CKTM-DT, virtual channel 13 (UHF digital channel 28), branded on-air as ICI Mauricie–Centre-du-Québec, is an Ici Radio-Canada Télé owned-and-operated station licensed to Trois-Rivières, Quebec, Canada and serving the Mauricie region. The station is owned by the Canadian Broadcasting Corporation (known in French as Société Radio-Canada). CKTM-DT's studios are located on Boulevard Saint-Jean (near Route 40) in Trois-Rivières, and its transmitter is located on Rue Principale in Notre-Dame-du-Mont-Carmel. On cable, the station is available on Cogeco Cable channel 3 and in high definition on digital channel 504.

History
The station first signed on April 15, 1958; the station was the very first broadcasting property owned by Cogeco, which was founded in Trois-Rivières the previous year.

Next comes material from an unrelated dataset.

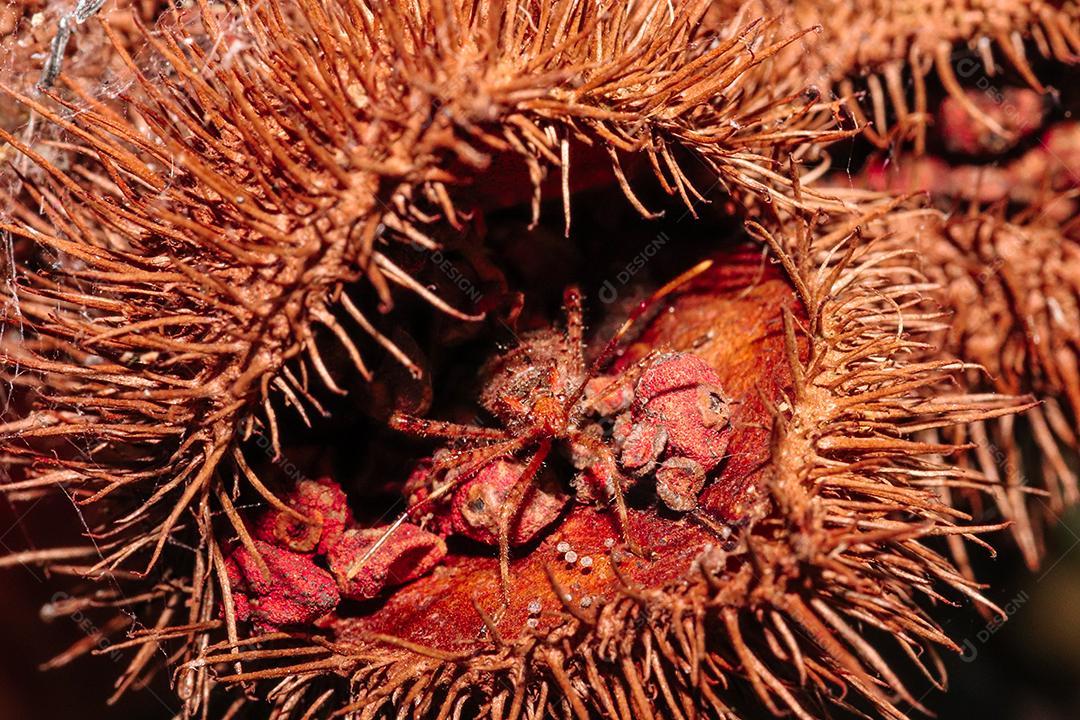 Aranha inseto sobre floresta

Until June 2008, the station was owned by Cogeco and was a twinstick with the TQS O&O CFKM-TV. As a privately owned station, CKTM effectively functioned as a semi-satellite of CBFT in Montreal due to a lack of non-network sources of programming. The station had been owned directly by Cogeco prior to the latter's majority acquisition of TQS, to which Cogeco contributed its existing local stations. Radio-Canada took editorial control of the station's news programming in 2002, although it continued to share a studio with CFKM.

In September 2007, Radio-Canada announced that it would not renew its affiliation agreement with its three Cogeco-owned affiliates — CKTM, CKTV-TV in Saguenay and CKSH-TV in Sherbrooke — after their then-current agreement expired in August 2008. An application to directly acquire the stations was filed by Radio-Canada on April 25, 2008, concurrently with Cogeco's proposed sale of TQS to Remstar Corporation. The transaction was approved by the CRTC on June 26, 2008.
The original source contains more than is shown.